* Data block:
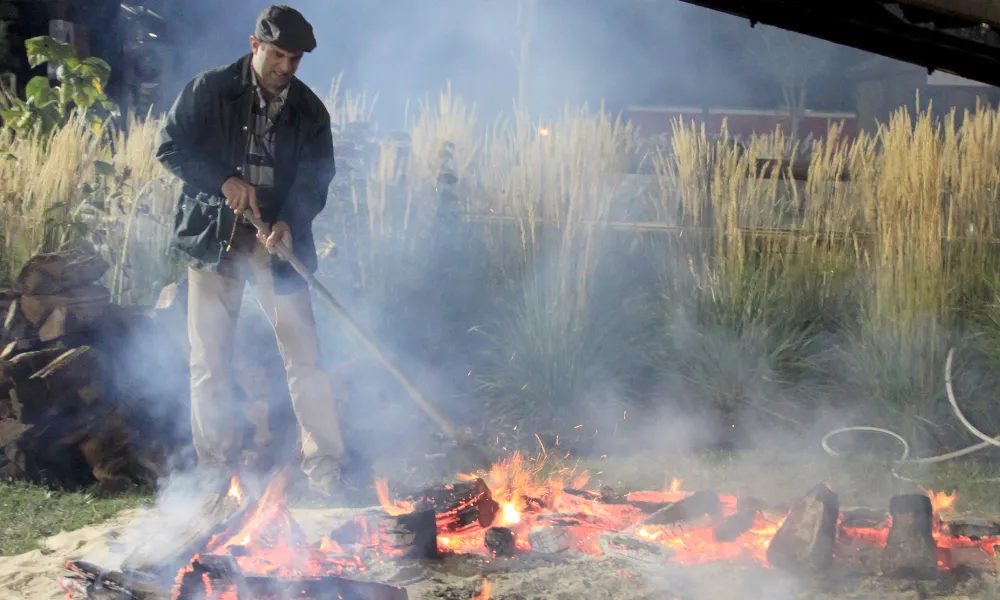 Robby Younes cooking on an open-fire at Mallman Event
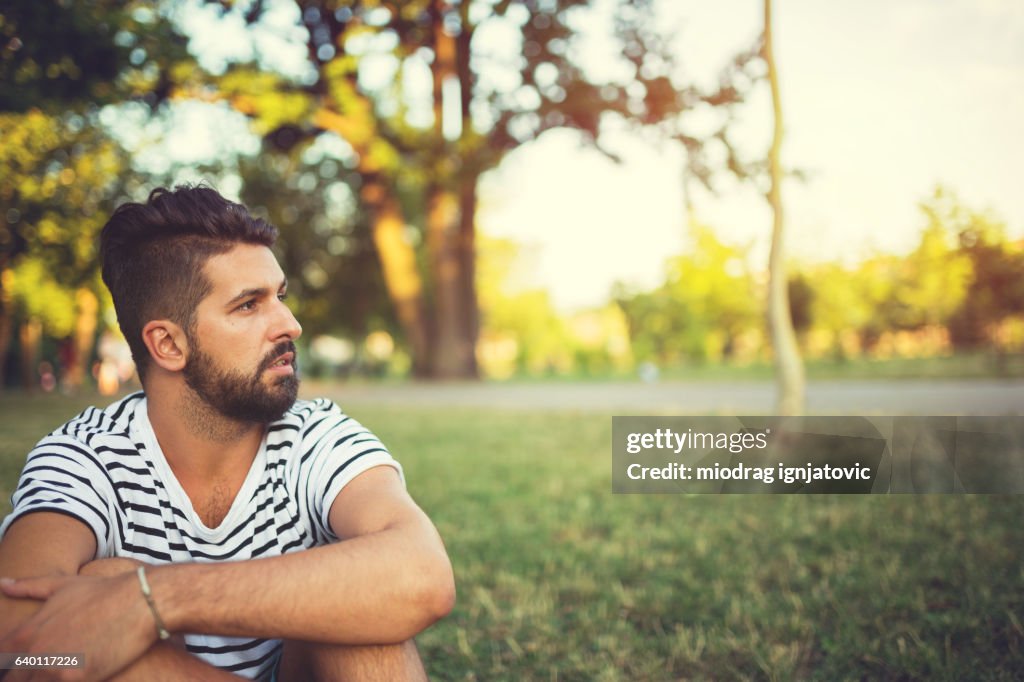 Young man overthinking in the park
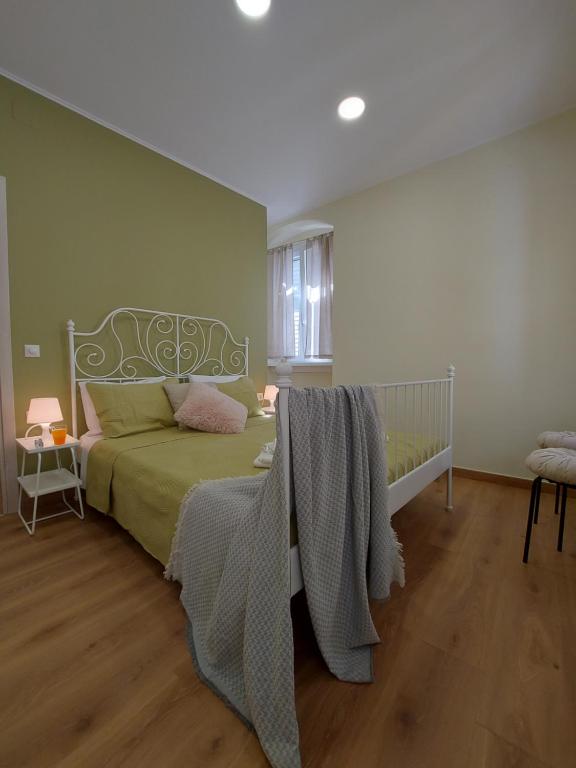 a bedroom with a bed with a blanket on it at La casetta di Emilia in Corfu Town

* Work to complete: Restate the listing word for word. Pictures do not belong in the copy.

* Completed exercise:
 Robby Younes cooking on an open-fire at Mallman Event
 Young man overthinking in the park
 a bedroom with a bed with a blanket on it at La casetta di Emilia in Corfu Town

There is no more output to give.